REQUIREMENT
Would you transcribe the entries below, beginning at the line with "Giliran Relawan Jumantono" and ending after the line with "8 Riley Cove Road, Malta, NY 12020", exactly, with no picture and nothing more?

DATA
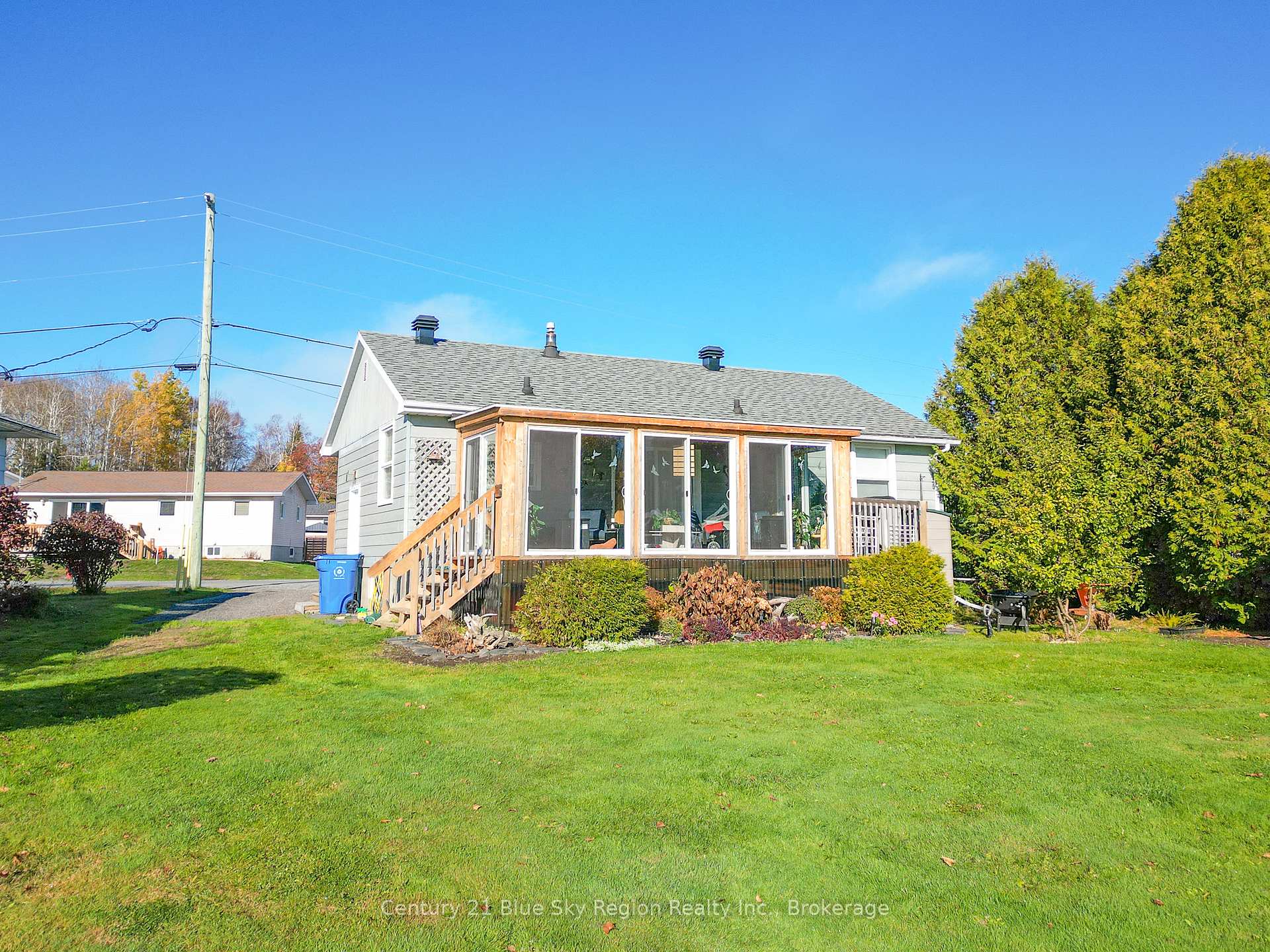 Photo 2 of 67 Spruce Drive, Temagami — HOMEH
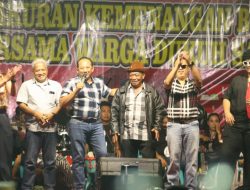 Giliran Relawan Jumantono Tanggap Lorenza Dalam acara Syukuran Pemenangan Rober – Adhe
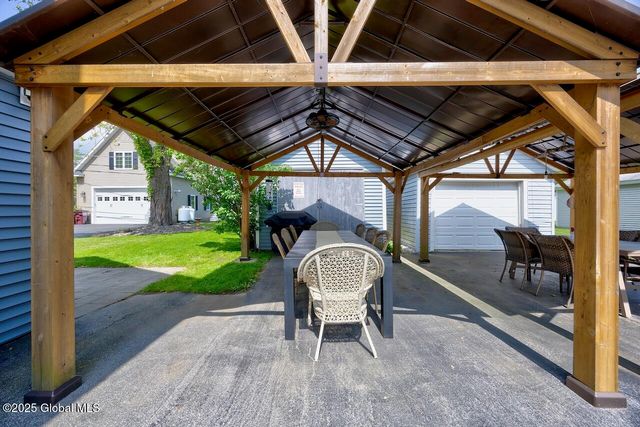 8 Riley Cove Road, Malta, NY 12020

* * *

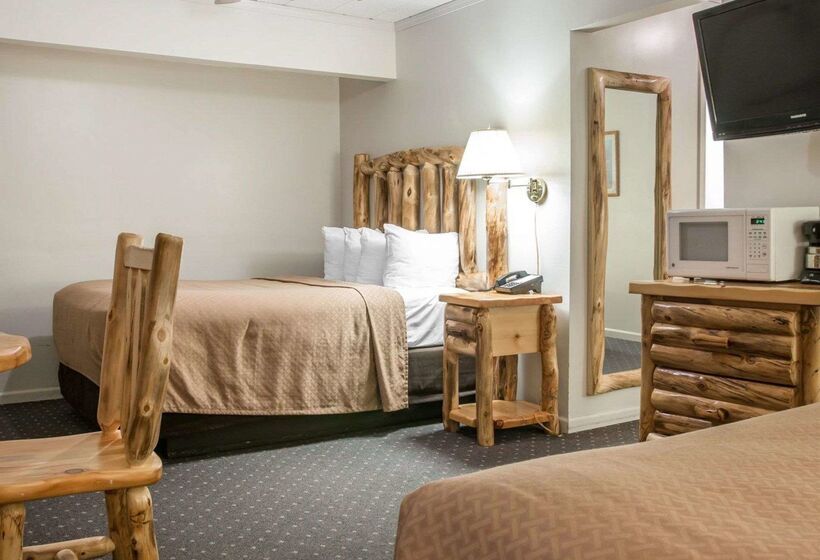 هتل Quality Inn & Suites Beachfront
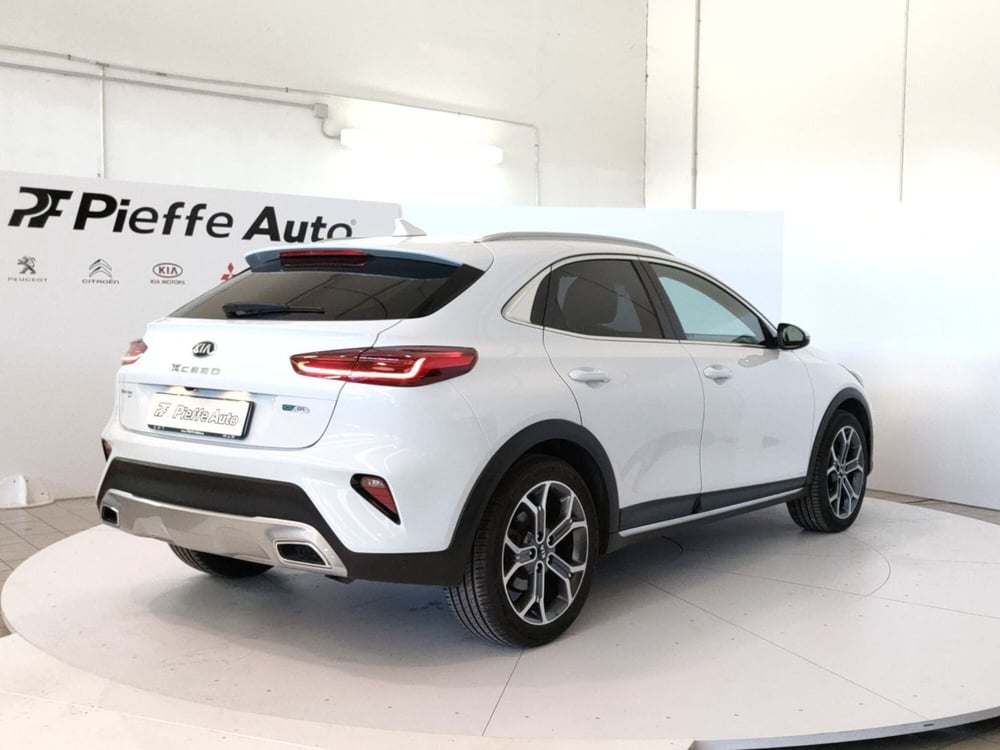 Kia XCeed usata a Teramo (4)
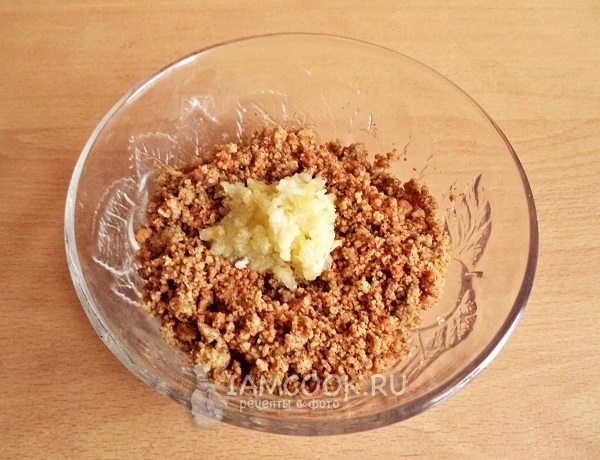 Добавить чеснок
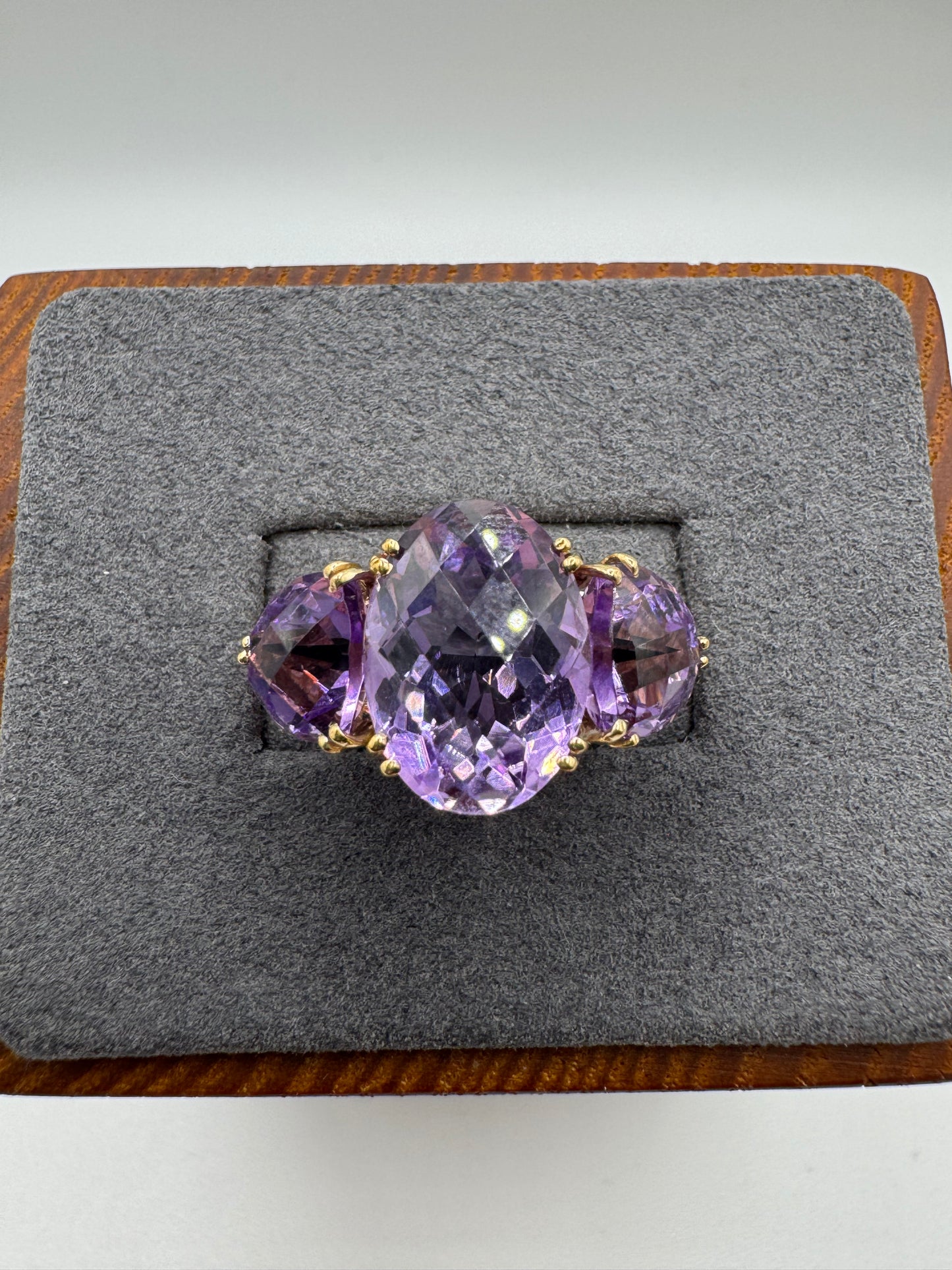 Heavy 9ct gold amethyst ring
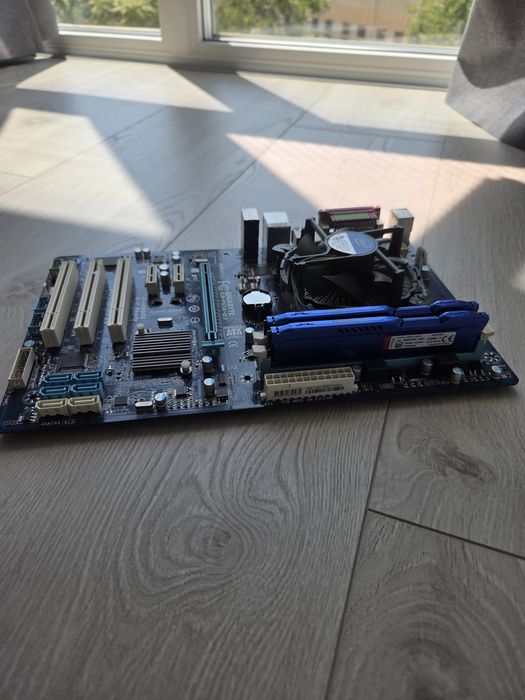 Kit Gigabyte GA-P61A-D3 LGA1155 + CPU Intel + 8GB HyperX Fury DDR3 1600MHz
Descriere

...

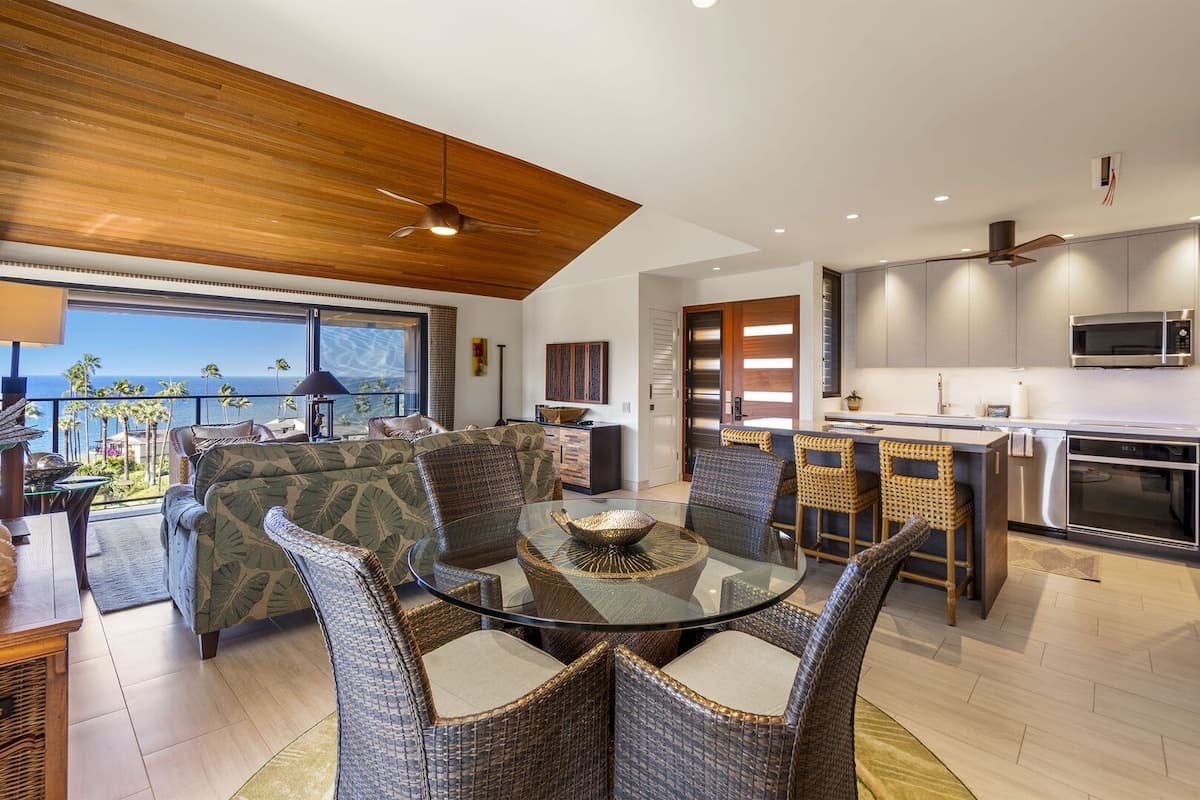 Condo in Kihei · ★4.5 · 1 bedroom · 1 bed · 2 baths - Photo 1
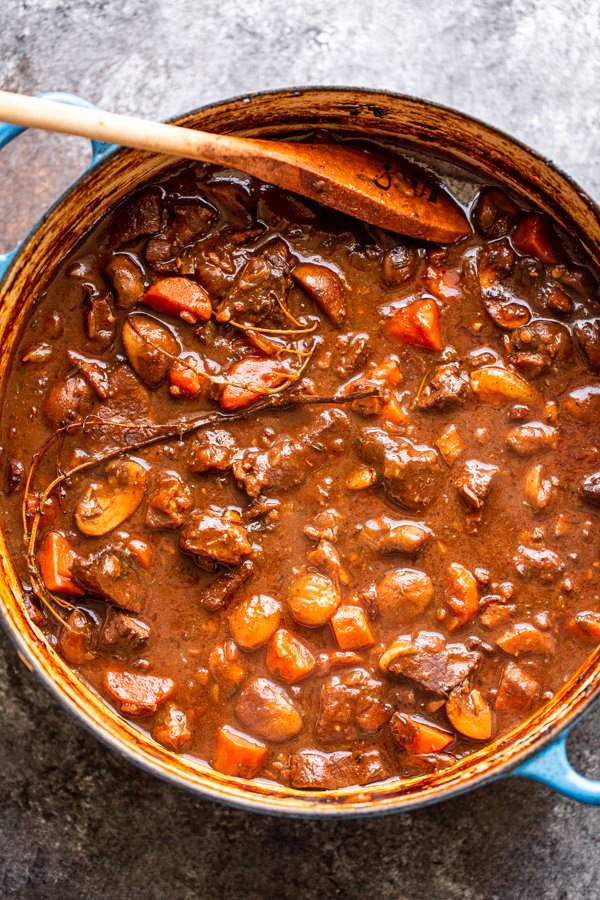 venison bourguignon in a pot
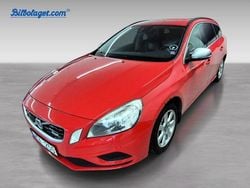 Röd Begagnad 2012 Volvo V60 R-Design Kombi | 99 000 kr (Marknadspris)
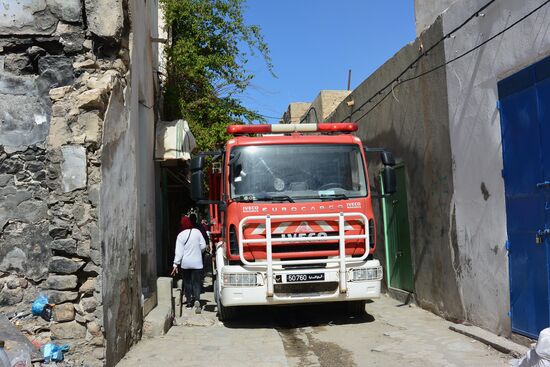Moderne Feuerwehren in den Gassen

ANSWER AREA
 Giliran Relawan Jumantono Tanggap Lorenza Dalam acara Syukuran Pemenangan Rober – Adhe
 8 Riley Cove Road, Malta, NY 12020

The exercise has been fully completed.